Raymond Richman - Jesse Richman - Howard Richman
Richmans' Trade and Taxes Blog
Are the media mentioned above deliberately deceiving investors as to the initial claims for unemployment compensation during the week of January 14, 2012? Secretary of Labor Hilda Solis’s Bureau of Labor Statistics reported that seasonally adjusted initial claims were 352,000, a decrease of 50,000 from the previous week’s revised figure of 402,000. This was the data reported by CNBC TV, Bloomberg TV, and Fox business channel on January 19, and by the Wall Street Journal and the New York Times and other print media on January 20. Readers will recall that we reported last week an incredible difference between the seasonally adjusted and actual data. We reported:
"In the week ending January 7, the advance figure for seasonally adjusted initial claims was 399,000, an increase of 24,000 from the previous week's revised figure of 375,000. The 4-week moving average was 381,750, an increase of 7,750 from the previous week's revised average of 374,000." Most reporters evidently did not go one to read the report itself. If they did they would have been amazed to find that the actual number of initial claims filed amounted to 642,381, 143,381 higher than the seasonally adjusted number. The difference is so great that it requires an explanation from the BLS. But none has been forthcoming."
The data for the week ending January 14 was not as dramatic. The actual number as did the seasonally adjusted declined but the difference was still substantial and requires an explanation.
The same report in which the BLS reported the seasonally adjusted data also reported the actual number of claims and the total number receiving unemployment compensation but the media did not report it.
"The advance number of actual initial claims under state progra ms, unadjusted, totaled 521,613 in the week ending January 14, a decrease of 124,606 from the previous week.

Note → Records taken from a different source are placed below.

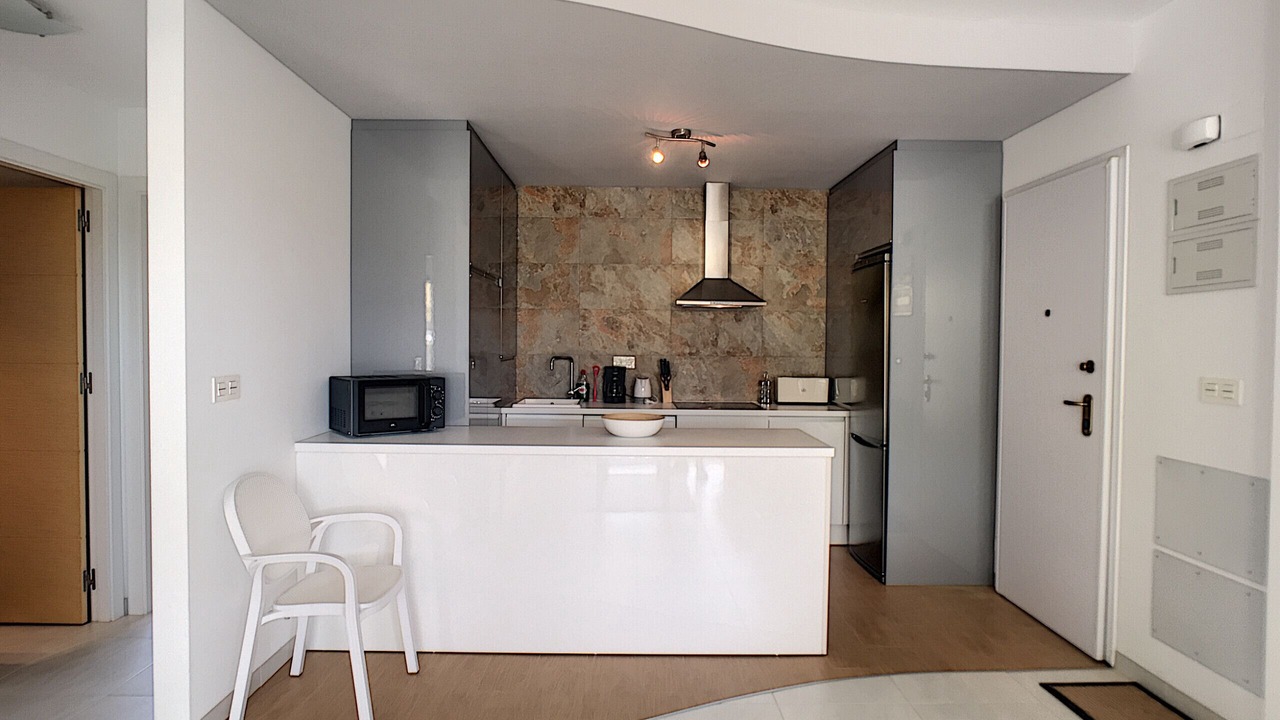 Photo of Kitchen in La Zenia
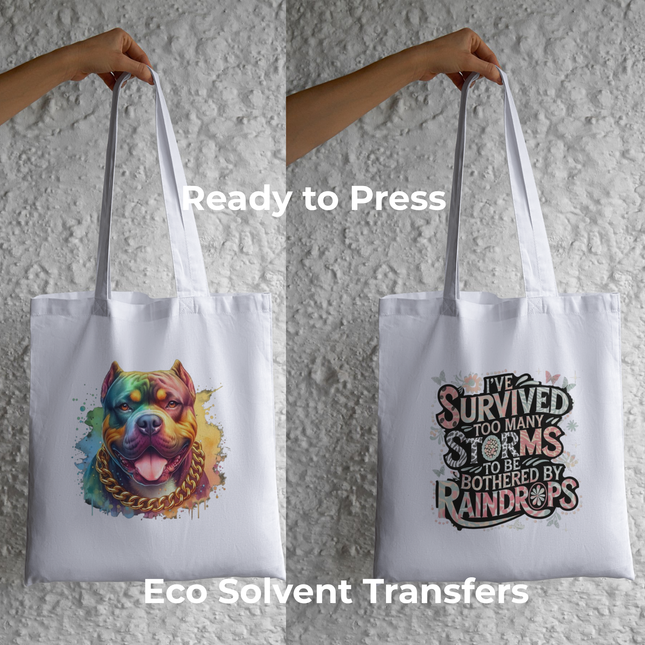 Custom Eco Solvent Heat Transfers – Use Your PNG or Ours Eco Solvent Transfers Style Junction – Custom Digital Designs & Apparel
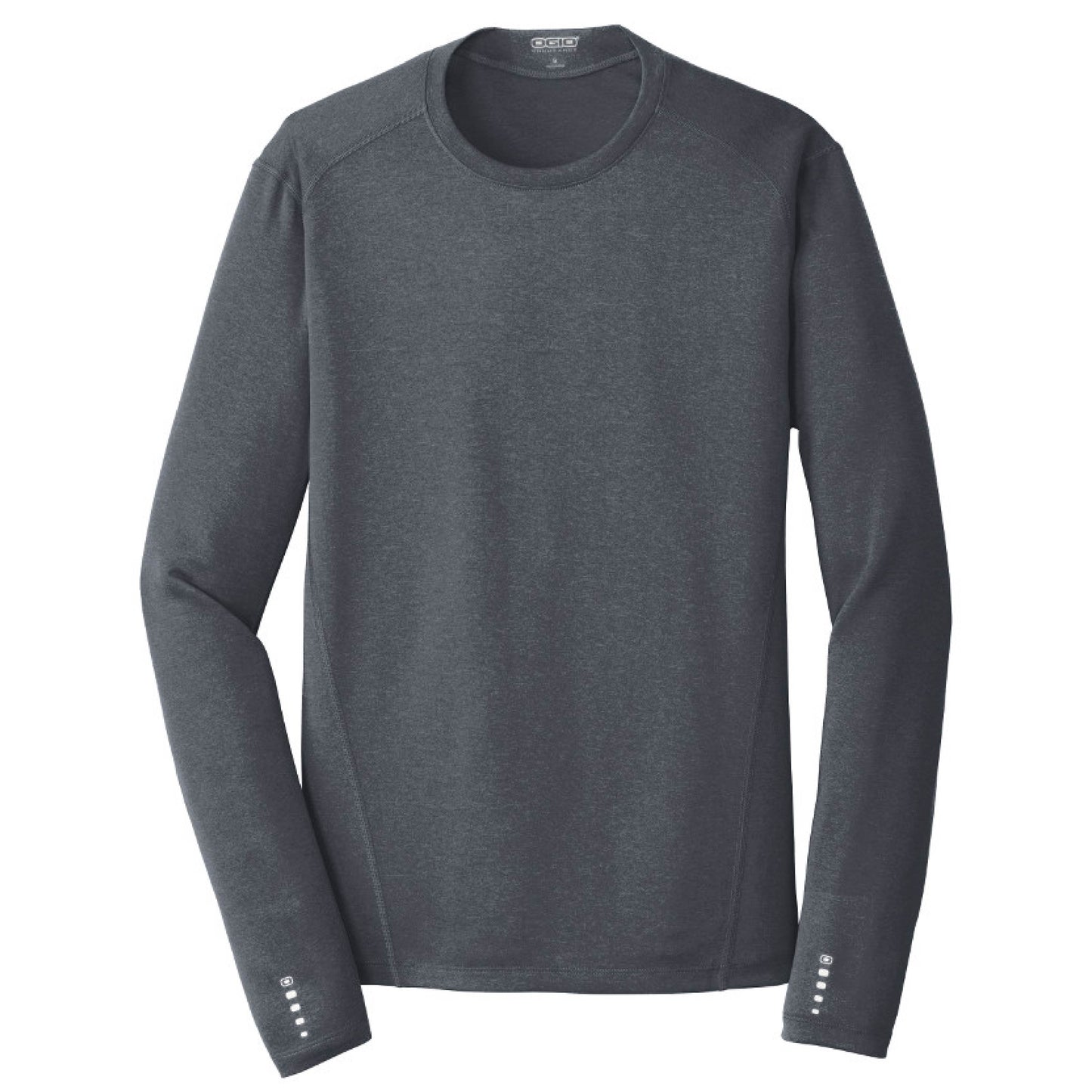 IBI204. Men’s OGIO ENDURANCE Long Sleeve Pulse Crew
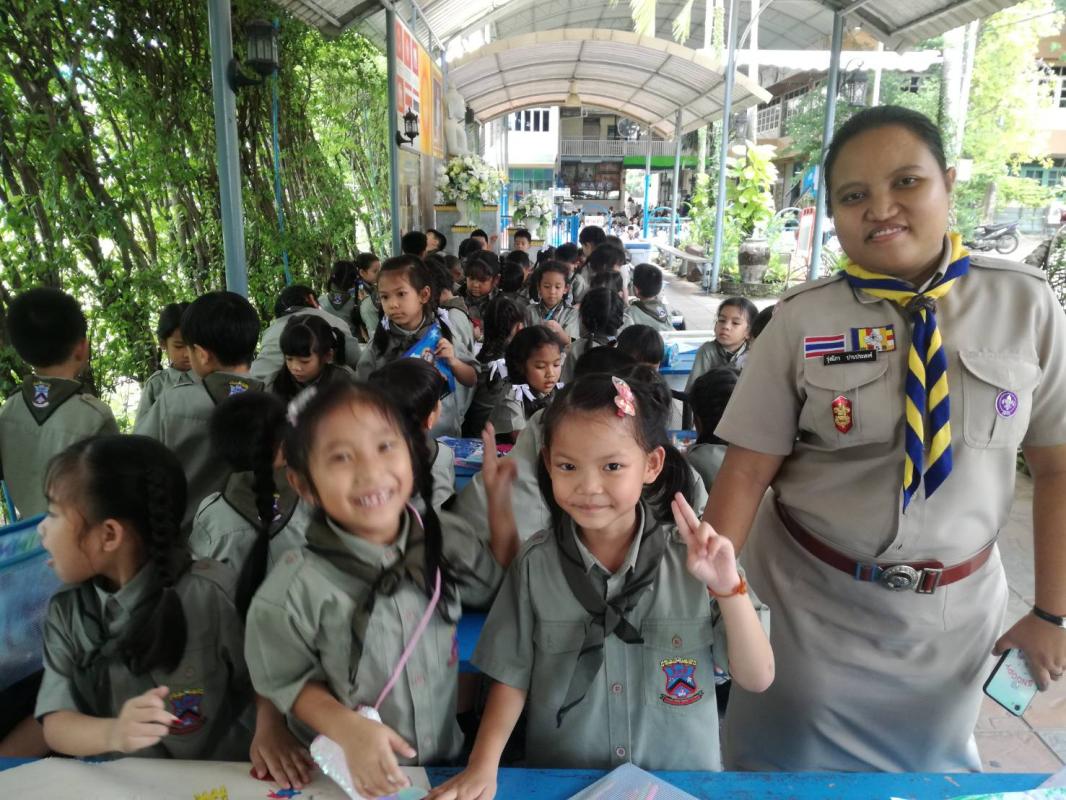 เรียนรู้ธรรมชาติของสัตว์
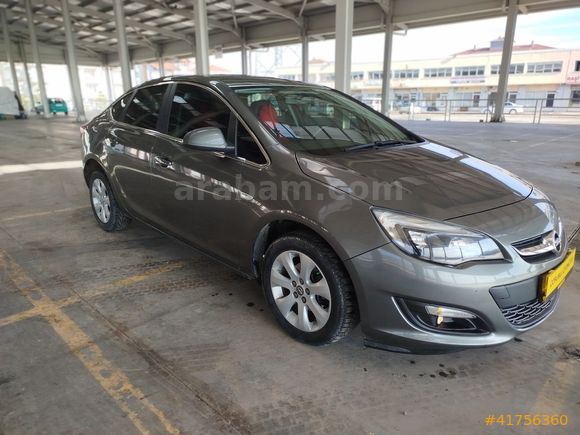 HATASIZ BOYASIZ DEĞİŞENİSİZ OPEL ASTRA EDİTİON PLUS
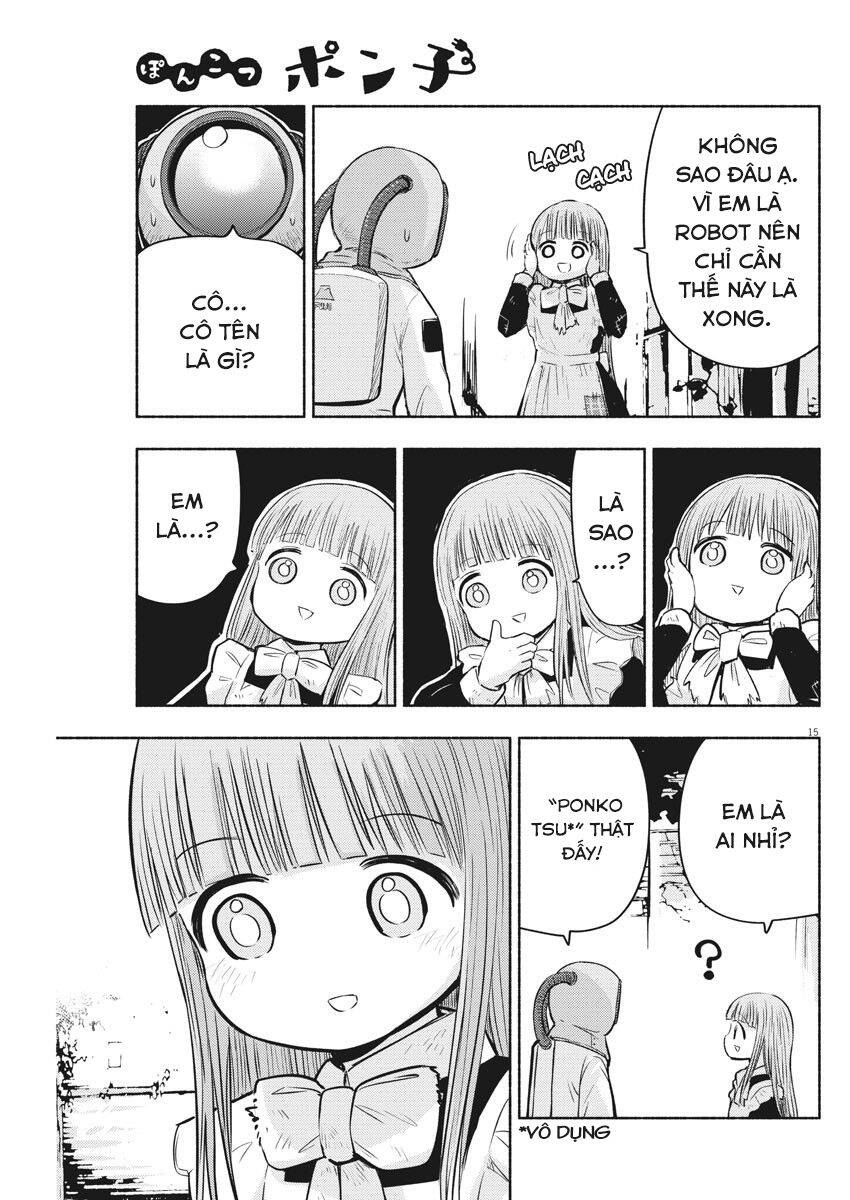 Ponkotsu Ponko Chapter 79 - 19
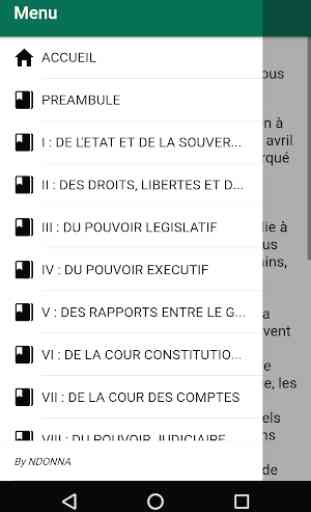 Constitution Togolaise 1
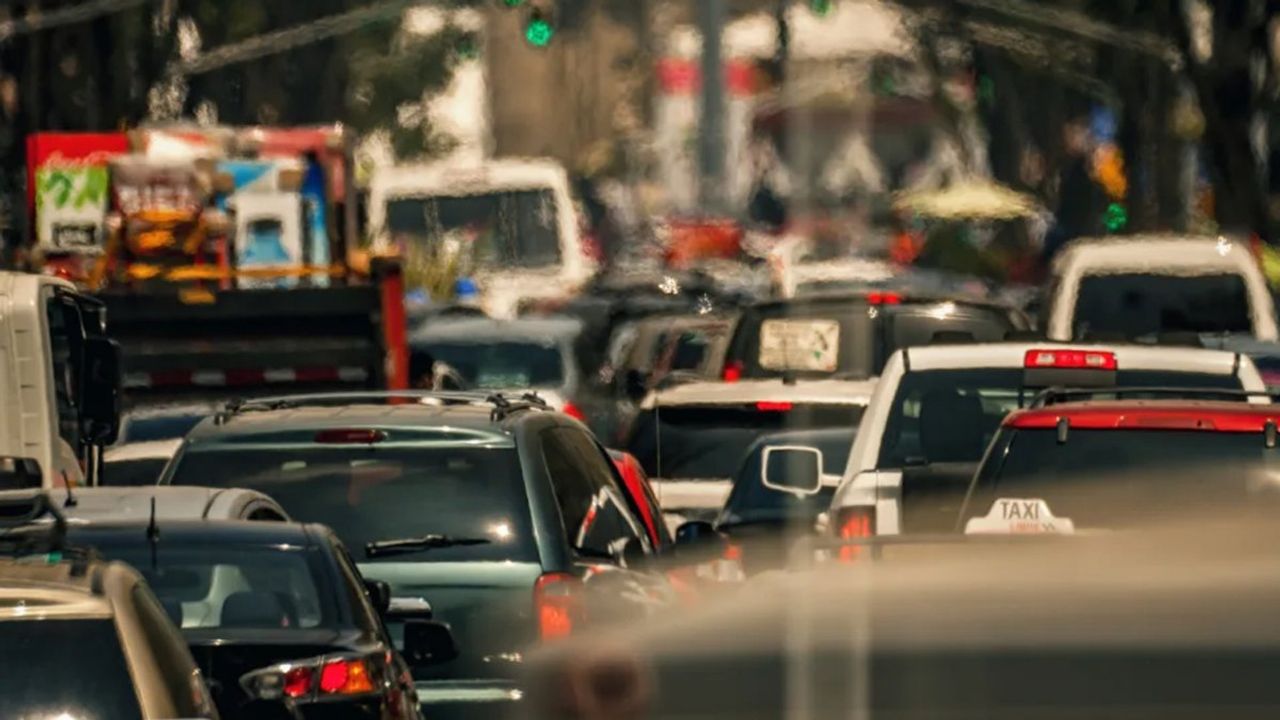 Google'ın Yeşil Işık Projesi: Trafik Kirliliğine Çözüm Bulma Yolu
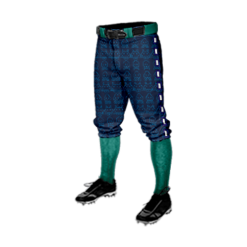 2991 CL KNICKERS CUSTOM BRAIDED BALL PANT BASE-INVADERS-ADDON-2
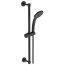 Ideal Standard IdealRain Soft Zestaw prysznicowy ścienny czarny mat BD142XG - zdjęcie 1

There were 549,688 initial claims in the comparable week in 2011.
"…The advance unadjusted number for persons claiming UI benefits in state programs totaled 4,076,626, a decrease of 84,257 from the preceding week. A year earlier, the rate was 3.7 percent and the volume was 4,652,805.
"The total number of people claiming benefits in all programs for the week ending December 31 was 7,826,665, an increase of 493,566 from the previous week." (italics mine)
Neither the actual number of claims filed nor the actual number of those receiving unemployment compensation were reported by the media mentioned above. The meaningful data for investors is the actual number of initial claims filed and the change in the total number of those receiving unemployment compensation. The latter increased by nearly a half million. The seasonally adjusted number of initial claims ought to be relegated to a footnote. Its usefulness is that it might suggest that the number of claims filed is “normal” or “abnormal”. No attempt is made by the BLS to explain the actual data as either normal or abnormal.
Comment by SarahPhillips, 5/29/2012:
Readers will recall that we reported last week an incredible difference between the seasonally adjusted and actual data.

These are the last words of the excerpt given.